Vous adorerez maintenant Carla
Depuis que la rupture est consommée et le divorce prononcé, le livre a perdu de sa force. Il confirme toutefois que l'élection 2008 a mis face à face deux candidats - Nicolas Sarkozy et Ségolène Royal - qui ont voulu, chacun à sa façon, récupérer leur compagnon amoureux. Dans les deux cas, la stratégie n'a pas fonctionné, même si la France a été prise en otage pendant ce temps. Même quand on est élu président, on ne peut pas avoir tout ce qu'on veut, et surtout pas récupérer sa femme. Un drame sourd s'est joué au Fouquet's. L'acte I, scène I du Sarkozysme. Avant Carla Bruni, avant la suite que l'on devine aussi folle, aussi délirante. Vous avez aimé Jacky Kennedy, vous avez désiré Cécilia, vous adorerez maintenant Carla.

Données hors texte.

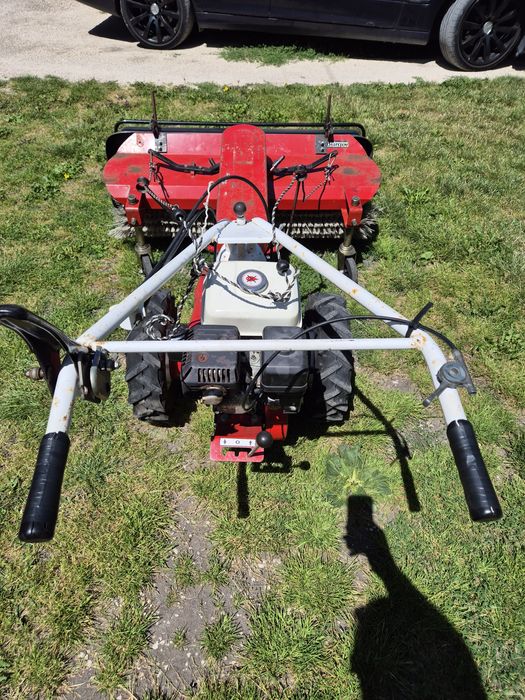 Zamiatarka Honda 5hp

La morale de l'histoire - magnifiquement résumée par le très bon titre de ce petit livre : la Présidence Sarkozy n'a pas finie de susciter des passions. Elle est un évènement permanent, une course contre la montre et contre le temps, comme l'avait bien vue Yasmina Réza. Et Cécilia elle-même, l'a bien noté lorsqu'elle confessait à Elle : "Je me suis mise entre parenthèses. Nous étions un couple ordinaire dans une fonction extraordinaire" .
Ce petit livre nécessaire comporte au total 125 pages de 20 lignes en double interligne : à 35 signes par ligne, cela fait moins de 95.000 signes, espaces compris ! Rapporté au prix de l'ouvrage (12 Euros même si vous l'achetez avec la réduction FNAC sur nonfiction.fr), ça fait quand même cher la page ! A ce prix là, Proust est donné et La Chartreuse de Parme, cadeau. Et au lieu de ces livres fleuves qui se lisent dans les trains de nuit, au lieu des livres TGV qui se lisent en un aller-retour Paris-Marseille, Fayard vient d'inventer le livre 'Ligne 1 du métro' : qui se lit entre le château de Vincennes et la Défense : en passant par la Concorde, l'Arc de Triomphe et Neuilly !

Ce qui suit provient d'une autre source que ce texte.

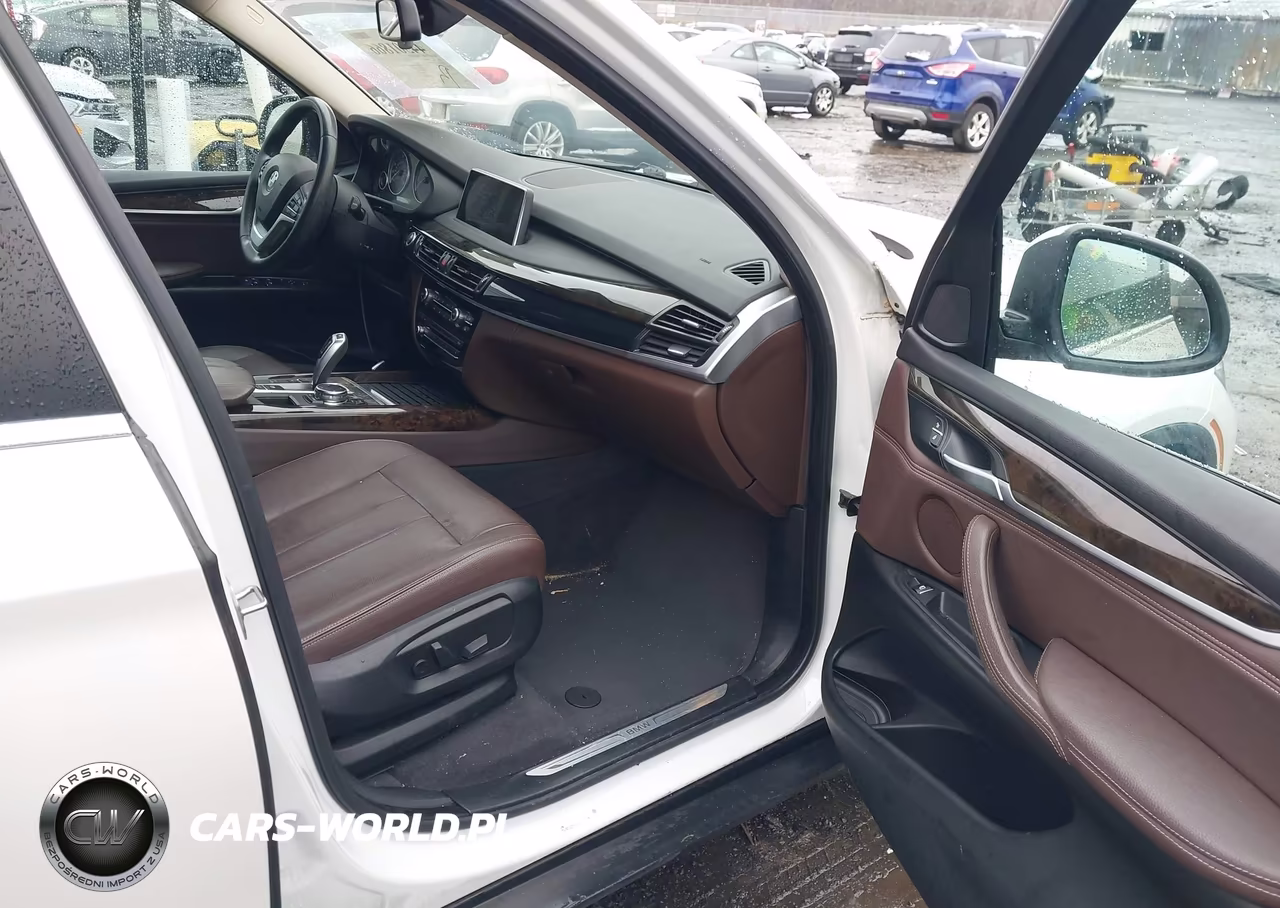 2016 BMW X5 xDrive35I VIN:5UXKR0C59G0P30116 - 5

Et pourtant cette soirée se devait d'être racontée. C'est un chaînon anecdotique mais significatif de la scène primitive du sarkozysme. Il est d'ailleurs étrange que personne ne l'ait racontée avant, dans un dossier de news magazine ou dans une double page "Horizon" du Monde - auquel ce livre fait penser.
Mais le critique doit arrêter ici sa critique. Il y aurait beaucoup à dire encore, et sur cette longue nuit au Fouquet's, et sur ce petit livre. Mais à trop raconter, on risquerait de signer une critique plus longue que le livre dont on entend rendre compte. Ce serait aussi cruel que ce petit livre. Aussi cruel que ce que Cécilia a fait à Nicolas cette nuit-là au Fouquet's.